From above observations, it is clear that the issuance of notice or payment of salary in lieu of notice is mandatory provision under Section 5(3). As that procedure has not been followed, order of termination passed by the respondent-Management with effect from 29.12.2004 is invalid and is liable to be set aside.
10. At this stage, after taking instructions from the petitioner, learned counsel for the petitioner makes statement that the petitioner will not claim back wages and she would be satisfied only with order of reinstatement with continuity of service.

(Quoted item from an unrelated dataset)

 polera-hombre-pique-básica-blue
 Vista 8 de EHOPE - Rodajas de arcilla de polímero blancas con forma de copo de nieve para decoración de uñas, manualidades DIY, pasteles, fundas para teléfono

11. For the aforesaid reasons the writ petition is allowed. Impugned order passed by School Tribunal is hereby set aside. Order dated 29.12.2004 passed by the respondent Management terminating services of the petitioner with immediate effect is hereby quashed and set aside. The petitioner shall be reinstated to the post of Assistant Teacher with continuity of service from 29.12.2004 within four weeks from this date. However, as the petitioner has waived right to back wages, the Management shall not be required to pay back-wages till the date of her reinstatement within four weeks.
Rule is made absolute in the above terms. No order as to costs.